Aggregation and grouping are powerful concepts in SQL that allow you to summarize and categorize your data. They are particularly useful for generating reports and understanding trends in your data. In this post, we will explore these concepts in the context of an eCommerce application using Flask-SQLAlchemy.
Let’s assume we have the following Order
and Product
models defined for our eCommerce application:
class Product(db.Model):
id = db.Column(db.Integer, primary_key=True)
name = db.Column(db.String(100))
price = db.Column(db.Float)
class Order(db.Model):
id = db.Column(db.Integer, primary_key=True)
product_id = db.Column(db.Integer, db.ForeignKey('product.id'))
quantity = db.Column(db.Integer)
product = db.relationship('Product')
Each Order
has a quantity and is associated with a Product
, which has a price.
Counting Records
Counting records in SQLAlchemy is straightforward. You can use the db.session.query().count()
method to count the number of records in a table.
For example, to count the total number of orders in the database, you would do the following:
order_count = db.session.query(Order).count()
print(f'Total orders: {order_count}')
Sum, Average, Min, and Max Functions
SQLAlchemy also provides functions to calculate the sum, average, minimum, and maximum of a column.
For instance, to calculate the total quantity of all orders, you would do:
from sqlalchemy import func
total_quantity = db.session.query(func.sum(Order.quantity)).scalar()
print(f'Total quantity ordered: {total_quantity}')
Ensure you import func from sqlalchemy
An aside: What is scalar?
The scalar()
function in SQLAlchemy is used to fetch only one row and column from the selected data.
When we execute a query that returns rows of data, sometimes, we’re only interested in a single value from a single row. This is where scalar()
comes into play. scalar()
fetches the first row and then returns the first column of that row.
For example, suppose you have a User
model and you want to get the email address of a user with a specific ID. Instead of fetching the entire User object and then accessing its email
attribute, you can do:
email = db.session.query(User.email).filter(User.id == 123).scalar()
In this case, email
will be a string (or None if no such user exists), not a User object.
Remember that scalar()
will return None if there are no results, and only the value of the first column of the first result if there are results. If the query returns multiple rows or columns, scalar()
will still only return the first column of the first row.

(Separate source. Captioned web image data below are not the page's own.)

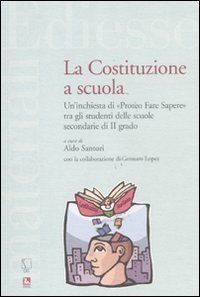 La Costituzione a scuola. Un'inchiesta di &laquo;Proteo Fare Sapere&raquo; tra gli studenti delle scuole secondarie di II grado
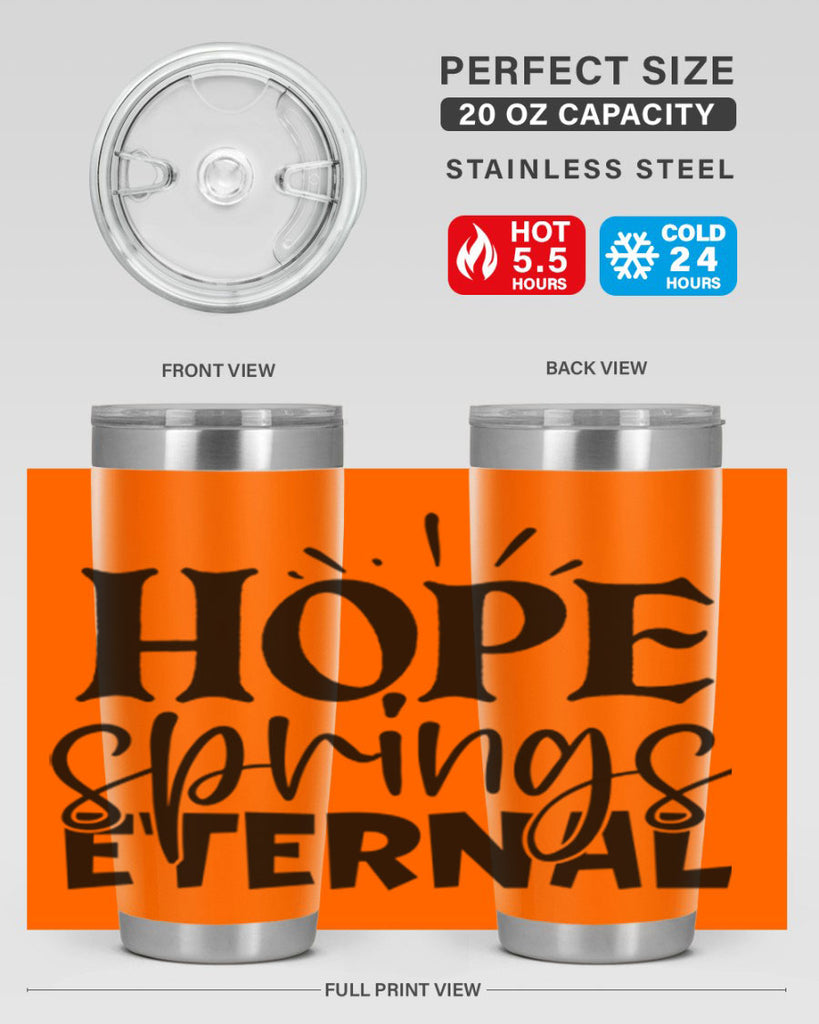 Hope springs eternal 4#- spring- Tumbler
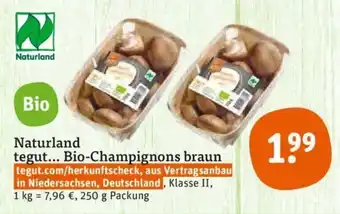 tegut Naturland Tegut Bio Champignons braun 250g Angebot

If you need all results, you should use all()
, first()
or another method to fetch data.
Another use case of scalar()
is when using functions like func.count()
, func.sum()
, func.min()
, func.max()
, etc. to perform aggregate queries. Since these functions return a single value, you can use scalar()
to get the value directly:
# count the number of users
user_count = db.session.query(func.count(User.id)).scalar()
As aside: What is func?
In SQLAlchemy, func
is a special object that allows you to access SQL functions in a database-agnostic way. It is most commonly used for calling built-in database functions.
func
is typically used with methods that correspond to SQL functions. When you call a method on func
, it generates a SQL function call with that name.
For example, the following will generate a COUNT(*)
in SQL:
from sqlalchemy.sql import func
count = db.session.query(func.count('*')).select_from(User).scalar()
This will return the number of rows in the User
table.
You can also use func
to call other SQL functions. For example
from sqlalchemy.sql import func
# Use the SQL NOW() function to get the current date and time
current_time = db.session.query(func.now()).scalar()
# Use the SQL MAX() function to get the maximum user id
max_id = db.session.query(func.max(User.id)).scalar()
In these examples, func.now()
and func.max(User.id)
generate the SQL NOW()
and MAX()
functions, respectively.
Additionally, func
can be used to call any function that the database supports, even if SQLAlchemy doesn’t provide a specific method for it. For example, if your database supports a MY_CUSTOM_FUNCTION()
function, you could call it like so:
result = db.session.query
(func.MY_CUSTOM_FUNCTION(arg1, arg2, arg3))
.scalar()
This will generate the SQL MY_CUSTOM_FUNCTION(arg1, arg2, arg3).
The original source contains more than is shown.